The Department of Expenditure has directed all ministries and departments including defence, finance and railways to ensure direct credit by electronic transfer to the specified bank account of suppliers, contractors, guarantee and loanee institutions above R25,000 for services provided to government bodies.
?The e-payment system will facilitate easier payments and bring transparency into the system,? expenditure secretary Sumit Bose told FE.
The scope of e-payments has also been expanded to include settlement of retirement benefits above R25,000 such as gratuity, commuted value of pension and leave encashment. Government servants have been allowed to choose this option for salary receipts.
The government will also enable electronically signed payment advices to financial institutions for withdrawals from the general provident fund and the central government employees group insurance scheme.
While major reform measures call for elusive political consensus, the government wants to do whatever is administratively possible to make private sector participation in government contracts hassle-free.
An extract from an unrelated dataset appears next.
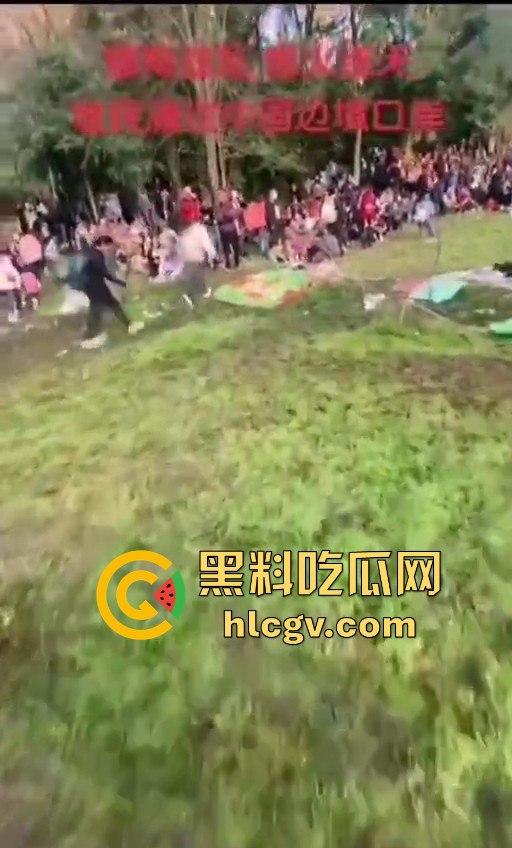 缅甸克钦邦战乱难民潮!百姓涌向腾冲口岸求庇护,中国军队严防死守绝不让难民入境!-1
To facilitate this, the Central Government Account (Receipts and Payments) Rules, 1983 have been amended. The ministry has issued two separate orders to facilitate electronic payments to suppliers and public servants.
The new policy is expected to cut down payment delays faced by private vendors. It is also expected to bring efficiency into the procurement programme, especially the capital-intensives ones managed by the ministries of defence and telecom.
The government will be spending close to Rs 15 lakh crore this fiscal, two-thirds of which is for making interest and subsidy payments and for running the state machinery (non-Plan spending). The rest is for various Plan projects and for central assistance to state projects.
The shift to e-payments is in line with the government’s move to extend the Unique Identification Authority of India’s (UIDAI) Aadhaar-enabled payments for various government schemes in at least 50 selected districts within the next six months. Under Aadhaar-enabled payments, subsidies are directly transferred to the beneficiary’s bank accounts. The Aadhaar platform is also expected to cover direct payments under the rural employment guarantee scheme, old age, widow and disability pensions and scholarships in selected areas.